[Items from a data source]
• • • • • • •

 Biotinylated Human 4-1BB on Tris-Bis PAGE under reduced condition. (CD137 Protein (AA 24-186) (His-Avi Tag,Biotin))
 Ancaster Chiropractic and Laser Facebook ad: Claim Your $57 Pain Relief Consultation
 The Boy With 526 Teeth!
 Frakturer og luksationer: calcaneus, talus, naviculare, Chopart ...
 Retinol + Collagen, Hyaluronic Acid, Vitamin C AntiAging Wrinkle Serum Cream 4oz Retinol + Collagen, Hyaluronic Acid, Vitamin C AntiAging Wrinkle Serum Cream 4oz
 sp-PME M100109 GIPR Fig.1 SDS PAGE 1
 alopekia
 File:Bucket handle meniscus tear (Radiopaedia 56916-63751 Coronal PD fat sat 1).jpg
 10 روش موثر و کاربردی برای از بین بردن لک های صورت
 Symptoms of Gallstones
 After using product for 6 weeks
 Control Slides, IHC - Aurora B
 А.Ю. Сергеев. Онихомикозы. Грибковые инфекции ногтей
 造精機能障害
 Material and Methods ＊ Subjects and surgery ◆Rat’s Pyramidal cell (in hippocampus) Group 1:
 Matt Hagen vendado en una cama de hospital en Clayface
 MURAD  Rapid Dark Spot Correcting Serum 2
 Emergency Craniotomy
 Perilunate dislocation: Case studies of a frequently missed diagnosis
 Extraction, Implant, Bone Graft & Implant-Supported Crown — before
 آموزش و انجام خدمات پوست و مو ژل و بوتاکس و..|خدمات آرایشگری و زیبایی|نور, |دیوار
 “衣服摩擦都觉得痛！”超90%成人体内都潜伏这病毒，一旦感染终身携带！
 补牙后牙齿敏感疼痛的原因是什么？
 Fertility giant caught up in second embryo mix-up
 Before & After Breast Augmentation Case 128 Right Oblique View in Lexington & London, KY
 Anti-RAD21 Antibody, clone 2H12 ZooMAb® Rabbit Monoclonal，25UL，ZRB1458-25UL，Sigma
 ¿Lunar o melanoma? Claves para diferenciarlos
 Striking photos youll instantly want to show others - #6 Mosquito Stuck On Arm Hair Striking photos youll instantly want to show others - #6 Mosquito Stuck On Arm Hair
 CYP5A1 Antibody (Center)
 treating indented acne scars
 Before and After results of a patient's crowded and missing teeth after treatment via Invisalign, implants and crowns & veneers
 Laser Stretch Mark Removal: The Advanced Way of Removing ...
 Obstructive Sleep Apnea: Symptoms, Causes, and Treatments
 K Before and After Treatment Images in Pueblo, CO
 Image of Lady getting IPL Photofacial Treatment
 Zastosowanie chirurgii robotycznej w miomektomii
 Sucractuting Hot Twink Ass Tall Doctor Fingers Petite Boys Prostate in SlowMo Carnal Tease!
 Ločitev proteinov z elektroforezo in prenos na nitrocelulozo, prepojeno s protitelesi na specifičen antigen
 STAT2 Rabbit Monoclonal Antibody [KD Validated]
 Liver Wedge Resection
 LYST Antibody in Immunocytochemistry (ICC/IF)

• • • • • • •

*Required work:* What is needed here is an exact copy of every record.

*Answer space:*
 Biotinylated Human 4-1BB on Tris-Bis PAGE under reduced condition. (CD137 Protein (AA 24-186) (His-Avi Tag,Biotin))
 Ancaster Chiropractic and Laser Facebook ad: Claim Your $57 Pain Relief Consultation
 The Boy With 526 Teeth!
 Frakturer og luksationer: calcaneus, talus, naviculare, Chopart ...
 Retinol + Collagen, Hyaluronic Acid, Vitamin C AntiAging Wrinkle Serum Cream 4oz Retinol + Collagen, Hyaluronic Acid, Vitamin C AntiAging Wrinkle Serum Cream 4oz
 sp-PME M100109 GIPR Fig.1 SDS PAGE 1
 alopekia
 File:Bucket handle meniscus tear (Radiopaedia 56916-63751 Coronal PD fat sat 1).jpg
 10 روش موثر و کاربردی برای از بین بردن لک های صورت
 Symptoms of Gallstones
 After using product for 6 weeks
 Control Slides, IHC - Aurora B
 А.Ю. Сергеев. Онихомикозы. Грибковые инфекции ногтей
 造精機能障害
 Material and Methods ＊ Subjects and surgery ◆Rat’s Pyramidal cell (in hippocampus) Group 1:
 Matt Hagen vendado en una cama de hospital en Clayface
 MURAD  Rapid Dark Spot Correcting Serum 2
 Emergency Craniotomy
 Perilunate dislocation: Case studies of a frequently missed diagnosis
 Extraction, Implant, Bone Graft & Implant-Supported Crown — before
 آموزش و انجام خدمات پوست و مو ژل و بوتاکس و..|خدمات آرایشگری و زیبایی|نور, |دیوار
 “衣服摩擦都觉得痛！”超90%成人体内都潜伏这病毒，一旦感染终身携带！
 补牙后牙齿敏感疼痛的原因是什么？
 Fertility giant caught up in second embryo mix-up
 Before & After Breast Augmentation Case 128 Right Oblique View in Lexington & London, KY
 Anti-RAD21 Antibody, clone 2H12 ZooMAb® Rabbit Monoclonal，25UL，ZRB1458-25UL，Sigma
 ¿Lunar o melanoma? Claves para diferenciarlos
 Striking photos youll instantly want to show others - #6 Mosquito Stuck On Arm Hair Striking photos youll instantly want to show others - #6 Mosquito Stuck On Arm Hair
 CYP5A1 Antibody (Center)
 treating indented acne scars
 Before and After results of a patient's crowded and missing teeth after treatment via Invisalign, implants and crowns & veneers
 Laser Stretch Mark Removal: The Advanced Way of Removing ...
 Obstructive Sleep Apnea: Symptoms, Causes, and Treatments
 K Before and After Treatment Images in Pueblo, CO
 Image of Lady getting IPL Photofacial Treatment
 Zastosowanie chirurgii robotycznej w miomektomii
 Sucractuting Hot Twink Ass Tall Doctor Fingers Petite Boys Prostate in SlowMo Carnal Tease!
 Ločitev proteinov z elektroforezo in prenos na nitrocelulozo, prepojeno s protitelesi na specifičen antigen
 STAT2 Rabbit Monoclonal Antibody [KD Validated]
 Liver Wedge Resection
 LYST Antibody in Immunocytochemistry (ICC/IF)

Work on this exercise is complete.